+++ Data segment

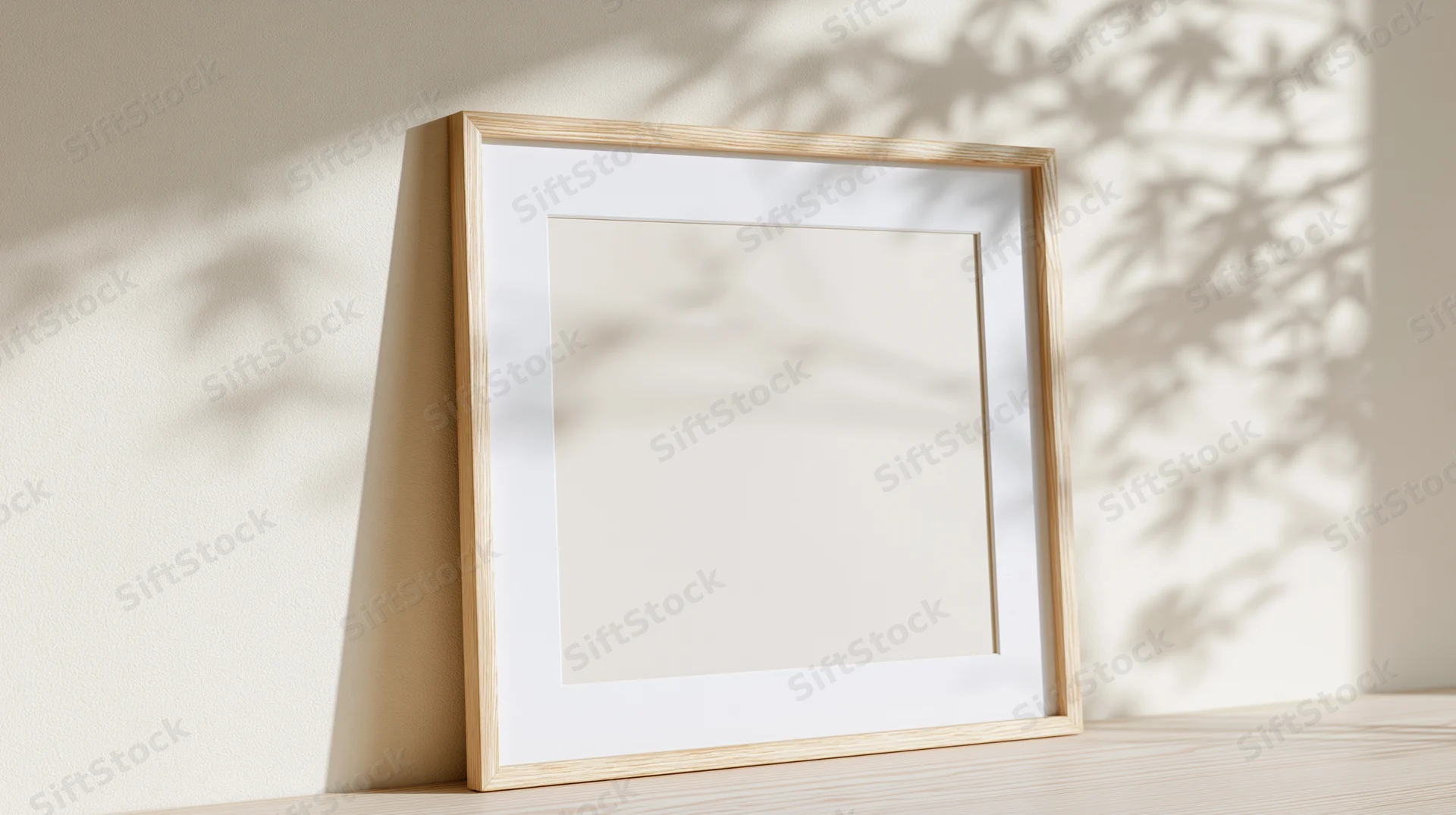 Light wood picture frame with white mat leaning against a wall on a wooden shelf, casting leaf shadows in soft sunlight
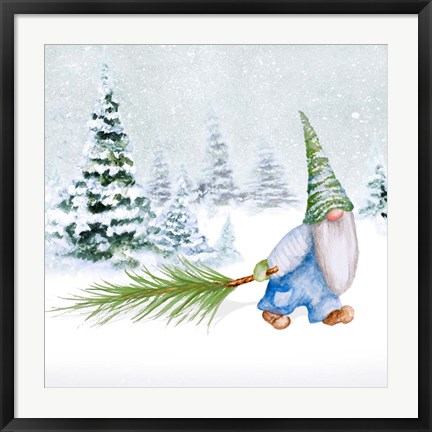 Framed Gnomes on Winter Holiday I Print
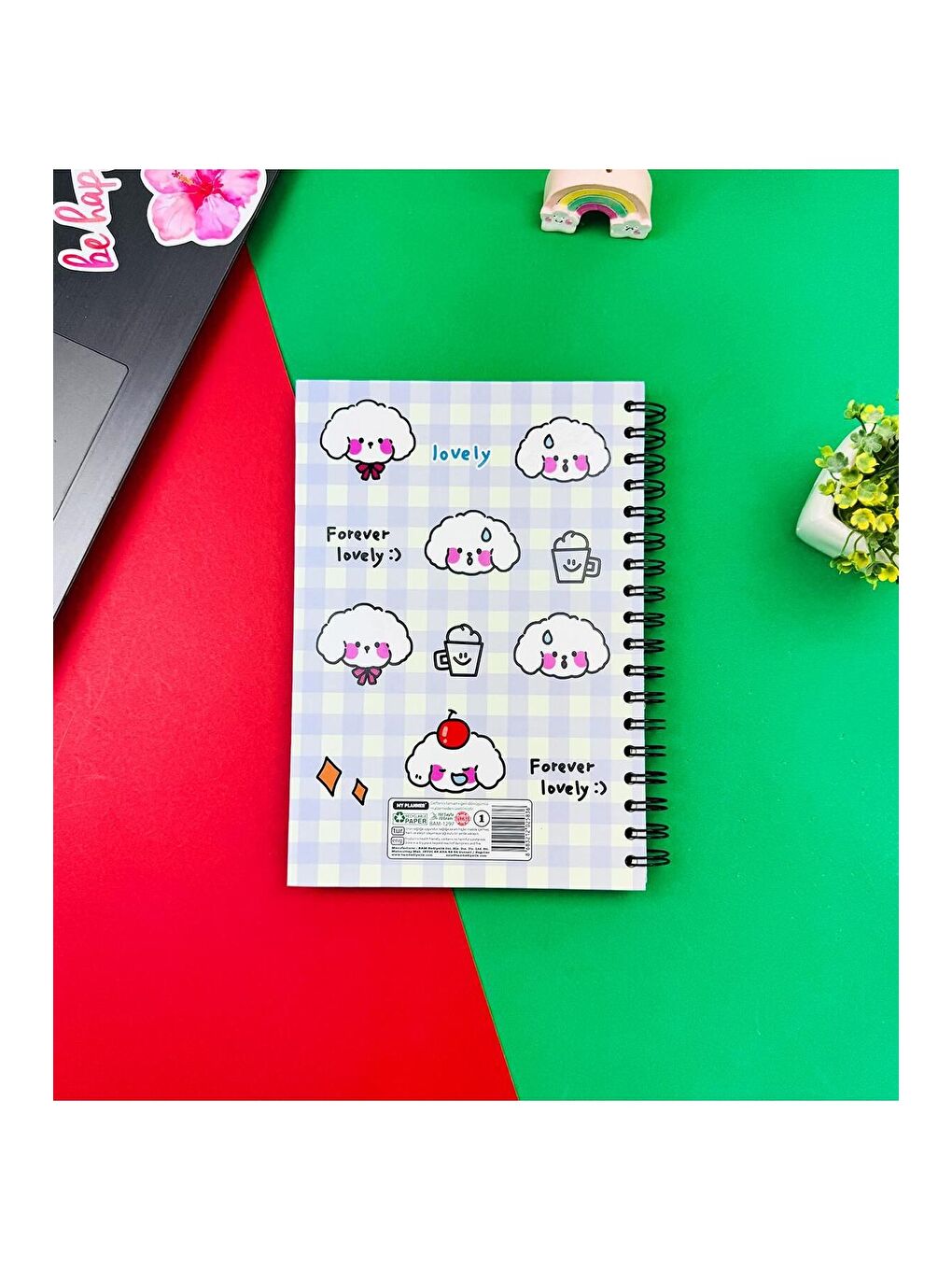 BAM HEDİYELİK EŞYA Bulut Kawaii Tasarımlı Spiralli Defter - 2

++++++

▶ _About this task_: Without copying any picture, write out all of the material exactly as it reads.

▶ _Final answer_:
 Light wood picture frame with white mat leaning against a wall on a wooden shelf, casting leaf shadows in soft sunlight
 Framed Gnomes on Winter Holiday I Print
 BAM HEDİYELİK EŞYA Bulut Kawaii Tasarımlı Spiralli Defter - 2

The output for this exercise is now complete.